Book Report: Jump the Shark by Jon Hein (2002)
I know, I know. I've read a
book based on the Darwin Awards, which is a Web phenomenon. I bought Philip Kaplan's book, even though his site right there on the blogroll. I read a complete book of Urban Legends even though Snopes is on the blogroll, too. So it should not shock you, gentle reader, that I bought
this book when I found it on the discount rack at A Clean Well Lighted Place for Books in San Francisco this weekend. Face it, I like reading the Internet when someone else prints and binds it for me.
The book
Jump the Shark distills
the Web site. The author picks a number of classic and recognized television shows and identifies a single moment where the show turned its corner and began its inevitable slide into mediocrity and from thence to DVD releases (although, when the site was created in 1997, who could have known how big those re-releases would be?).
The book devotes about 90 pages to television shows, so it selects from the Web site's extensive catalog. Then the book begins applying the concept to music bands.... and celebrities.... sports teams.... politics....
So I give kudos to the book for going beyond the Web site. The reflections on when bands lost their edges was fun (and prompted
my beautiful wife of six years to snatch it from my hands to read on a flight.
However, perhaps the extension of the metaphor to political personages and to political concepts was ill-advised.
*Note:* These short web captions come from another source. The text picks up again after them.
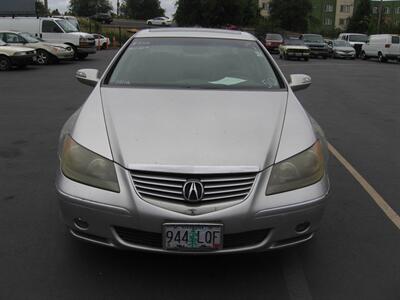 2005 Acura RL SH-AWD   - Photo 6 - Portland, OR 97220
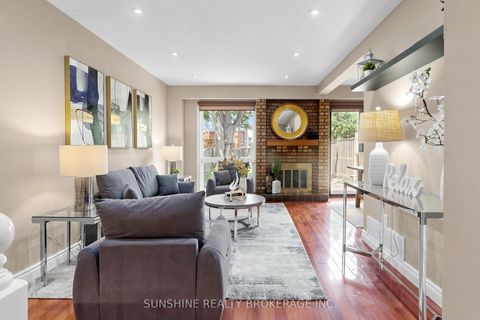 Photo 6 at 57 Springhouse Square, Steeles, Toronto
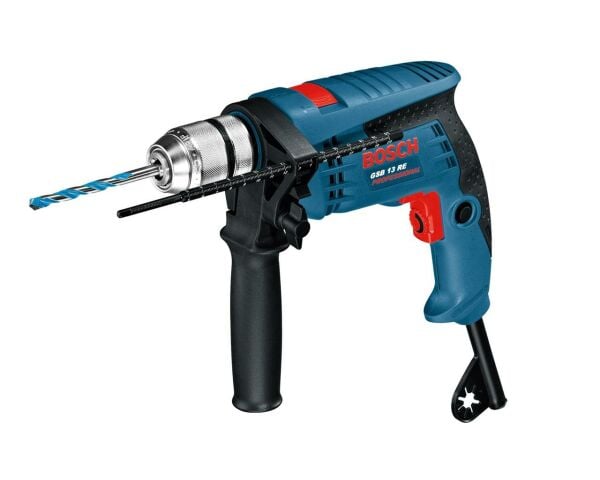 BOSCH GSB 13 RE 600 Watt Profesyonel Darbeli Matkap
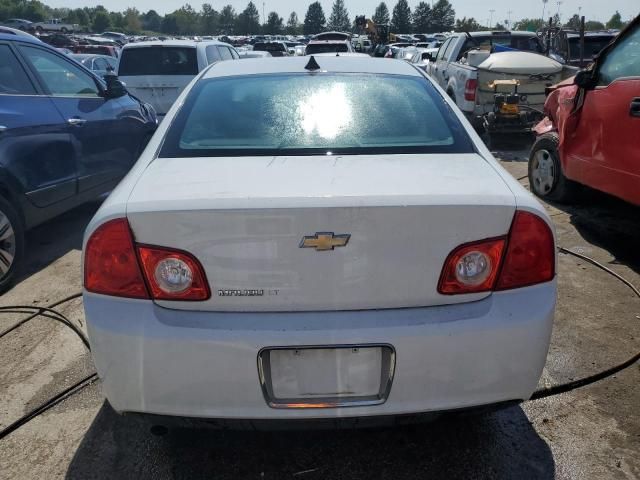 2012 Chevrolet Malibu 2LT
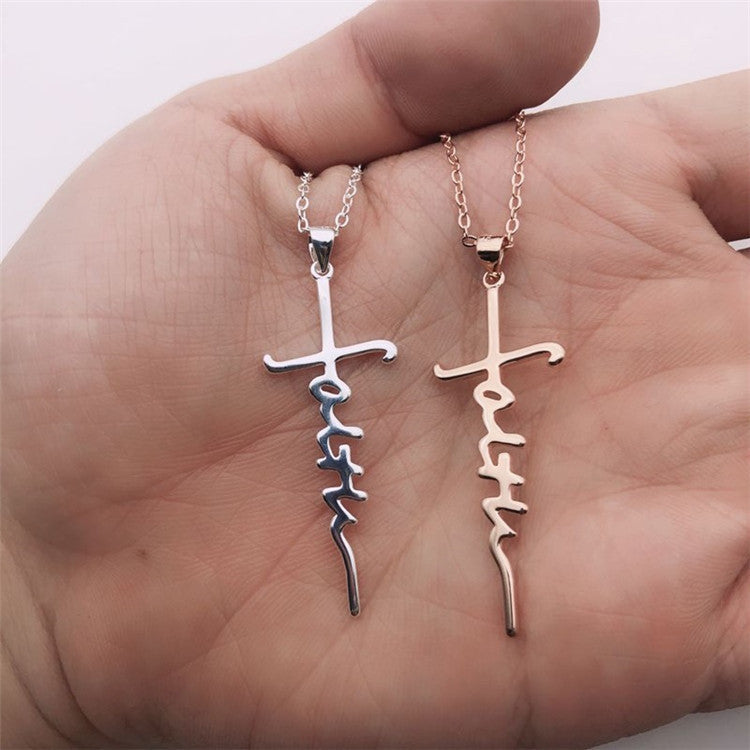 Faith Necklace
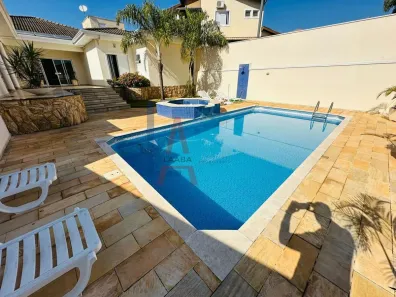 Casa de Condomínio com 3 Quartos à venda, 646m² no Jardim Residencial Villa Suíça, Indaiatuba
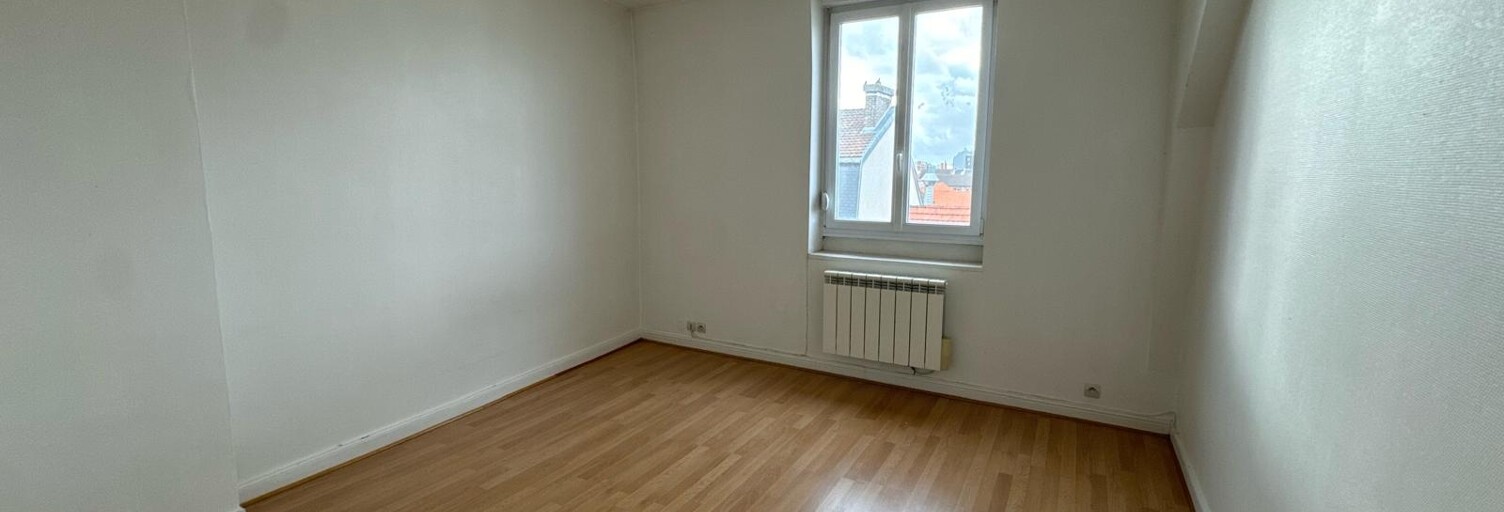 Appartement 3 Pièces 52 m² à vendre à Reims (51100)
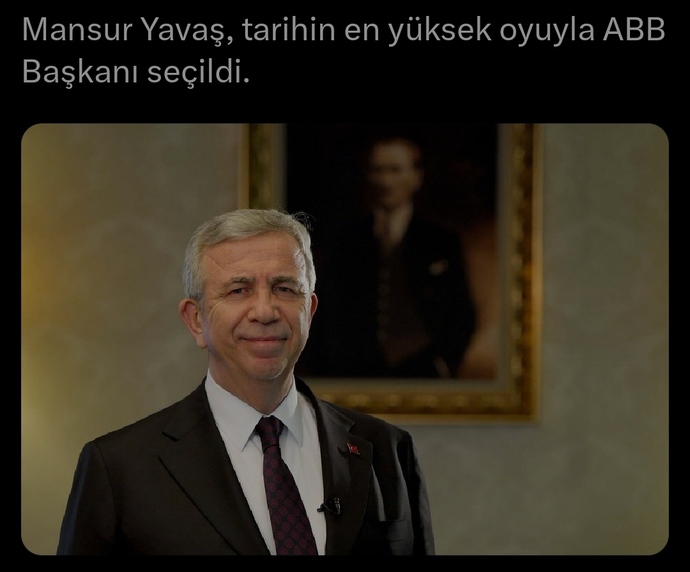 Mansur Yavaşın tarihte en yüksek oy alarak seçilmesinin  Ankara  nın siyasi ve sosyal dinamiklerine etkisi ne olacak?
Communism jumped the shark with the fall of the Berlin Wall? So the purges, the famines, and the deaths of millions didn't register, but the made-for-television images and the pageantry of what might be called the final episode of Soviet Influence did. Hmm, that seems ill-advised. Suddenly, we've tripped from light humor into places where this reader wants to sniff a slight political bias from the author who lives in
New York with his wife and two kids. I didn't buy this book to sniff for political biases, nor to consider politics at all within the confines of this book.
So did this book, well, leap the mako? Not really. The short vignettes and page-or-so treatments made it an easy read, perfect for travel time or for those moments you can snatch during the day. It distills the Web site's often nebulous comments into succinct snark, but one should read the throwaway-trivia and asides with some skepticism. I found one blatant error in the book and a couple of asides that don't jog with my memory. But overall, the experience is positive, worth the five dollars I spent so that I could clutch its covers with white-knuckled eagerness instead of the arms of the airplane seat.